----- Data to examine -----
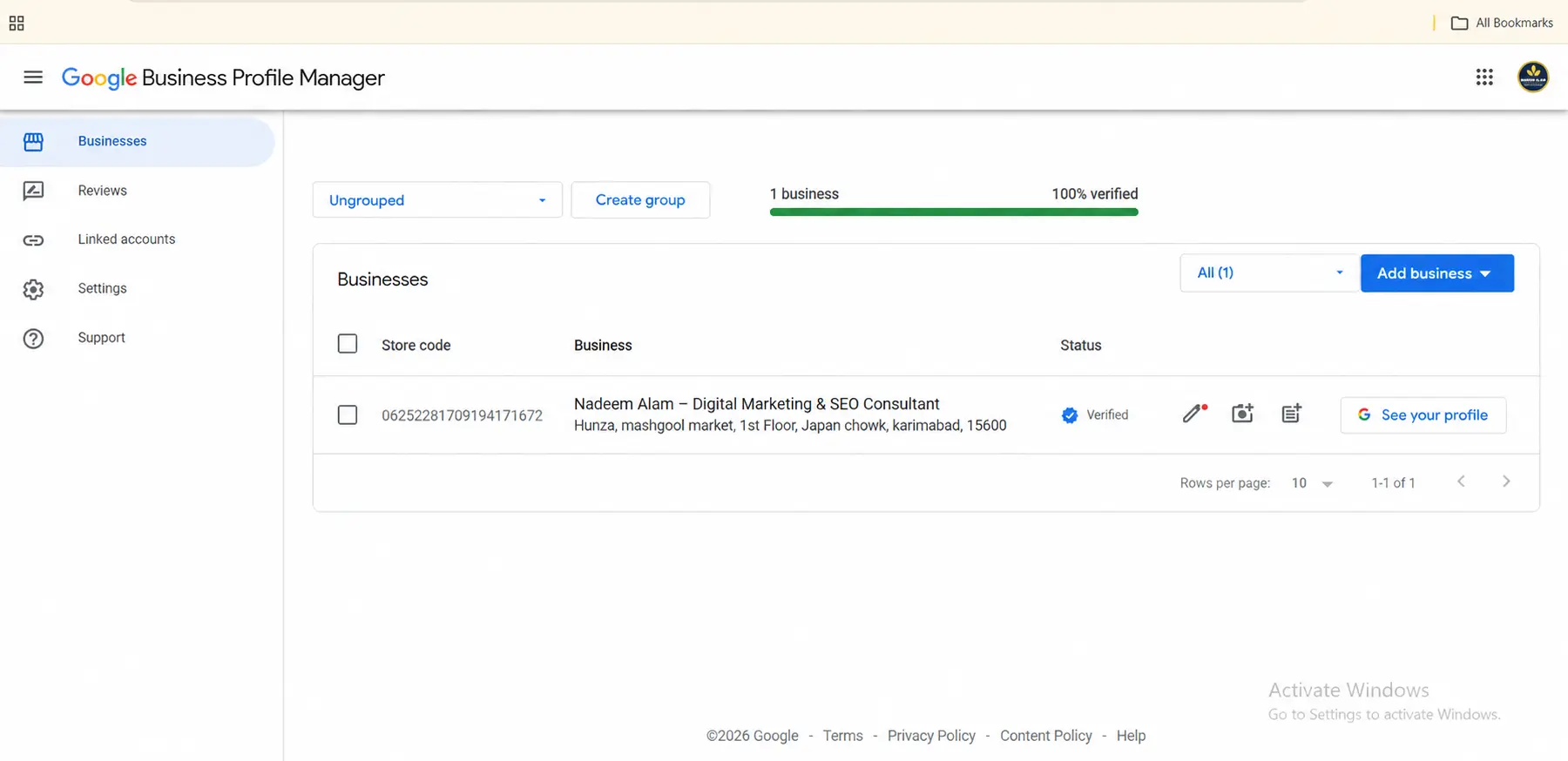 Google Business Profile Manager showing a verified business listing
-----
----- Data to examine -----
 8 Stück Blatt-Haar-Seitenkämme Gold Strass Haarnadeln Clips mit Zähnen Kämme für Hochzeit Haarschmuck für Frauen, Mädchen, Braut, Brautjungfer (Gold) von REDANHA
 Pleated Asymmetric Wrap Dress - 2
-----
----- Data to examine -----
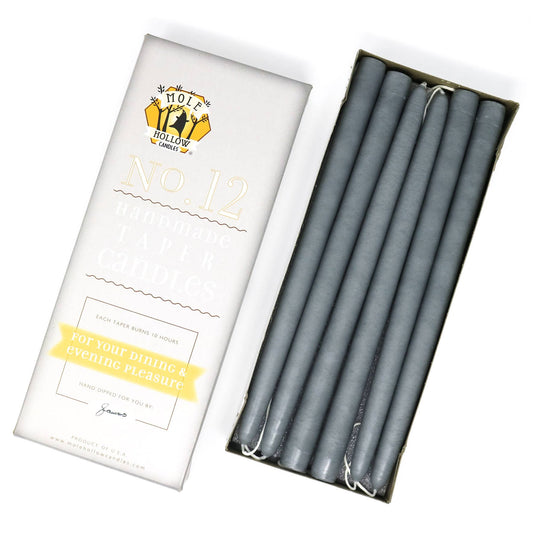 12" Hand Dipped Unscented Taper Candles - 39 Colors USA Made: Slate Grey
-----
- _Exercise details_:
What you return should be exactly the lines above, starting at the one with "8 Stück Blatt-Haar-Seitenkämme" and ending at the one with "Pleated Asymmetric Wrap Dress - 2", and nothing else.

- _The completed task_:
 8 Stück Blatt-Haar-Seitenkämme Gold Strass Haarnadeln Clips mit Zähnen Kämme für Hochzeit Haarschmuck für Frauen, Mädchen, Braut, Brautjungfer (Gold) von REDANHA
 Pleated Asymmetric Wrap Dress - 2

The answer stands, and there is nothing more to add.